_WHAT YOU ARE ASKED TO DO:_
Leaving out all pictures, restate word for word the lines from the one with "Sempat Dibuka, Pasar" through the last line of the entries.

_THE DATA:_

------------------------------------------------------------

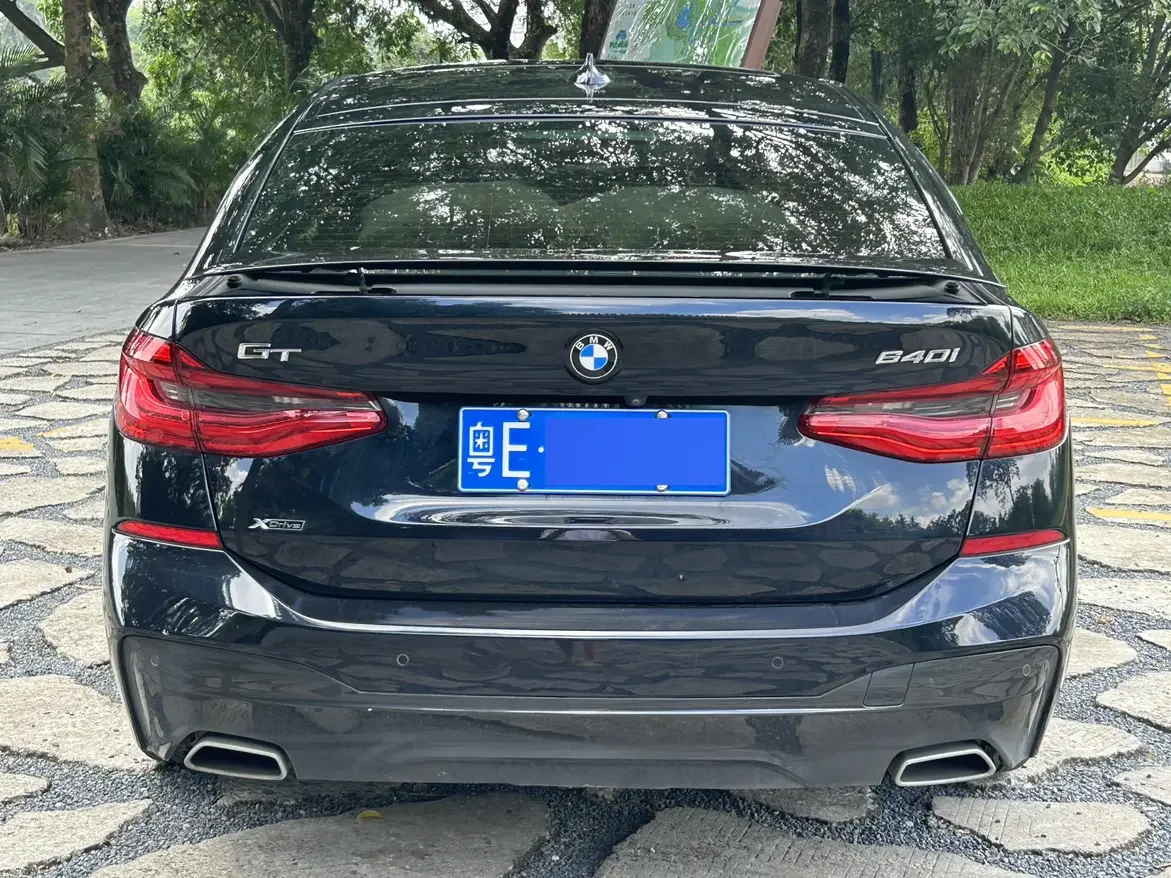 BMW 6 Series GT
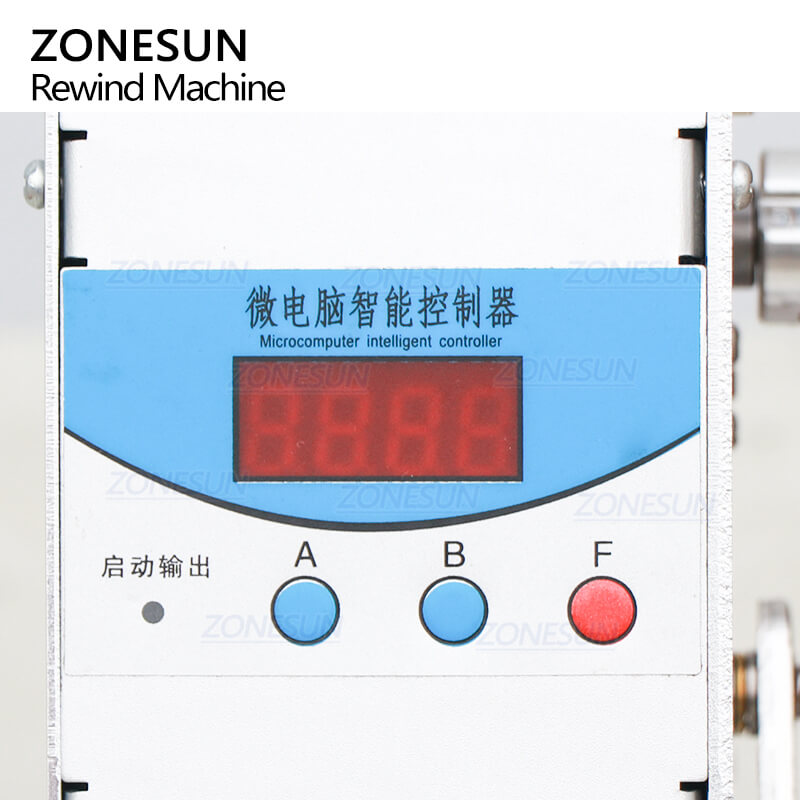 label rewind machine z4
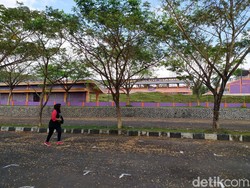 Sempat Dibuka, Pasar Minggu BMX Ciamis Kembali Ditutup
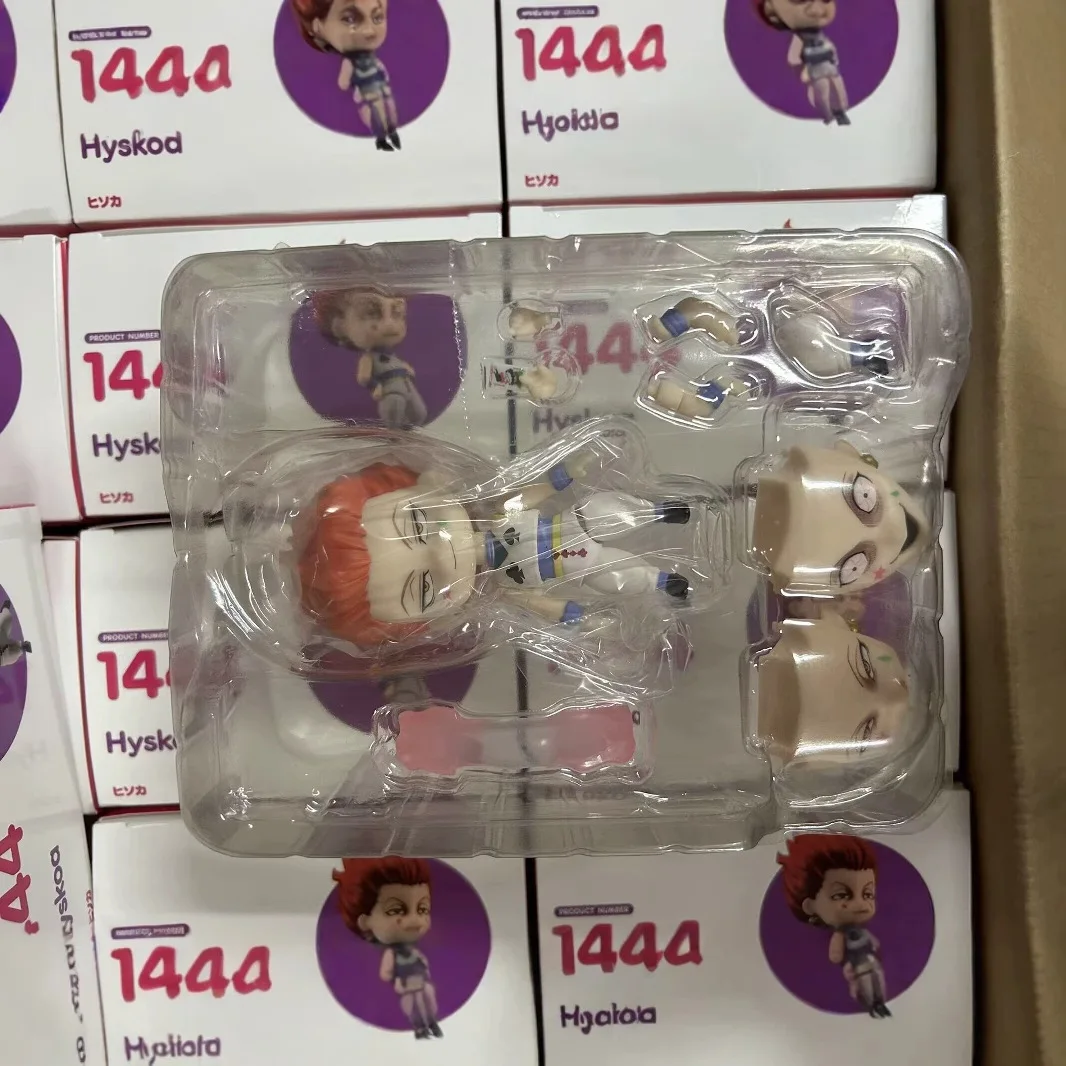 Figuras de animação caçador figuras de ação rosto mudando nendoroid x caçador r modelo ornamentos brinquedos em caixa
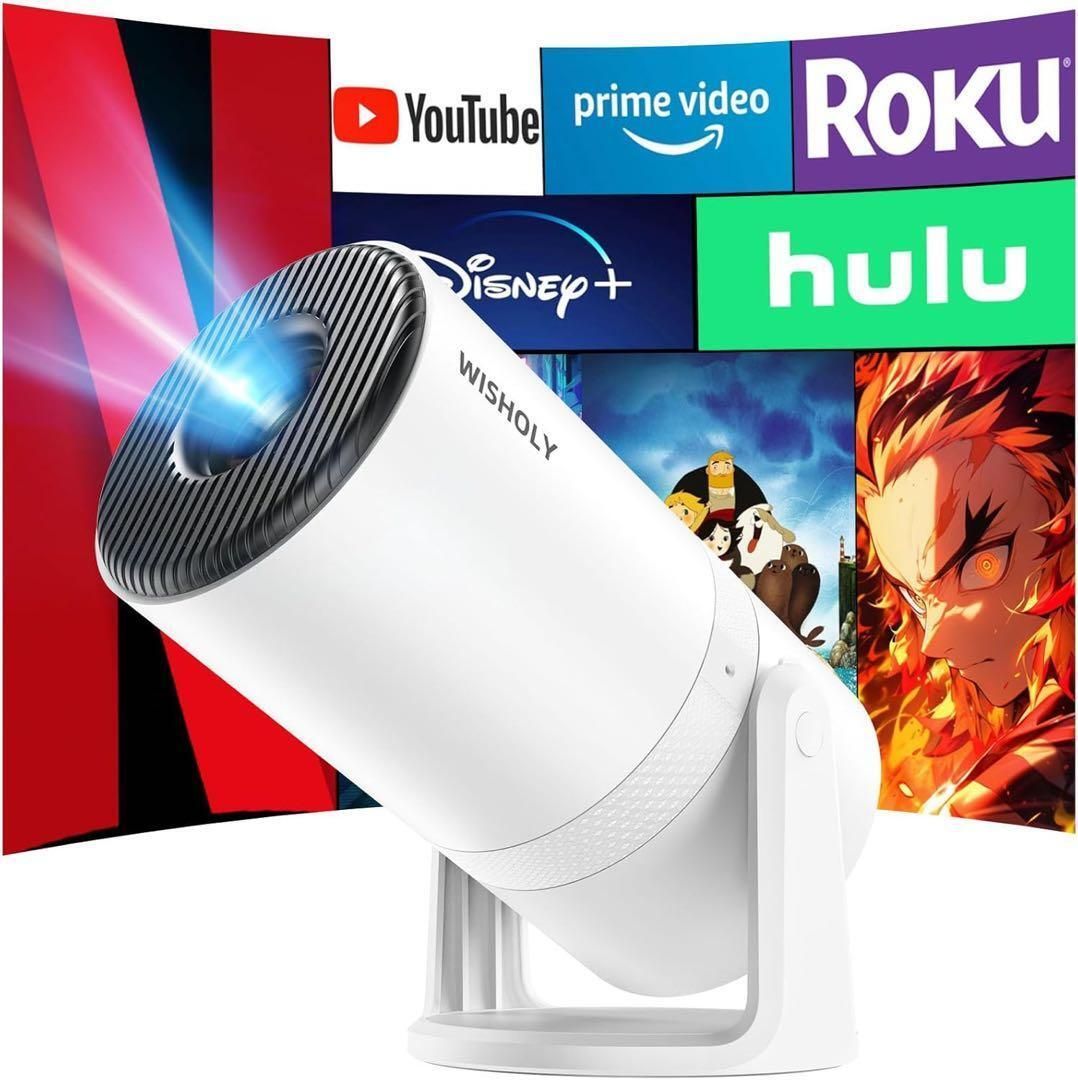 Amazon.co.jp: Boleve 【2026最新全密閉型】プロジェクター 家庭用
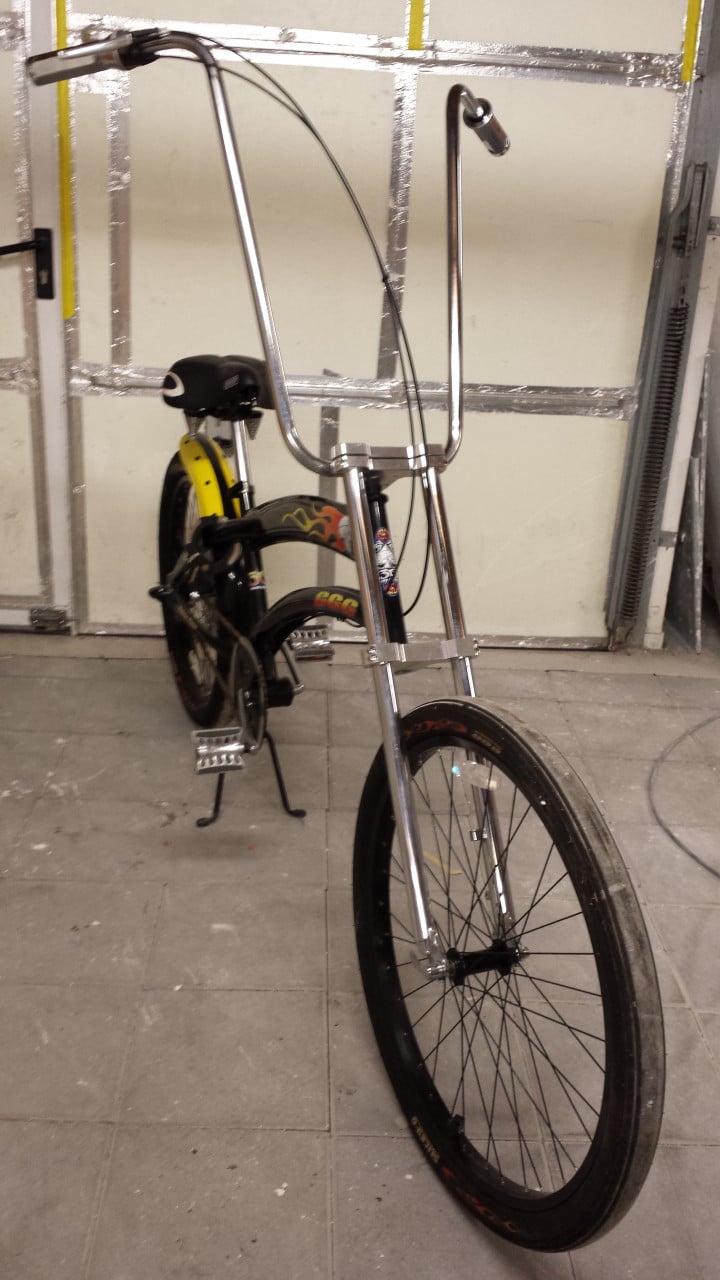 Supergave (Amerikaanse import)  "3G" chopperfiets fiets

------------------------------------------------------------

_YOUR SOLUTION:_
 Sempat Dibuka, Pasar Minggu BMX Ciamis Kembali Ditutup
 Figuras de animação caçador figuras de ação rosto mudando nendoroid x caçador r modelo ornamentos brinquedos em caixa
 Amazon.co.jp: Boleve 【2026最新全密閉型】プロジェクター 家庭用
 Supergave (Amerikaanse import)  "3G" chopperfiets fiets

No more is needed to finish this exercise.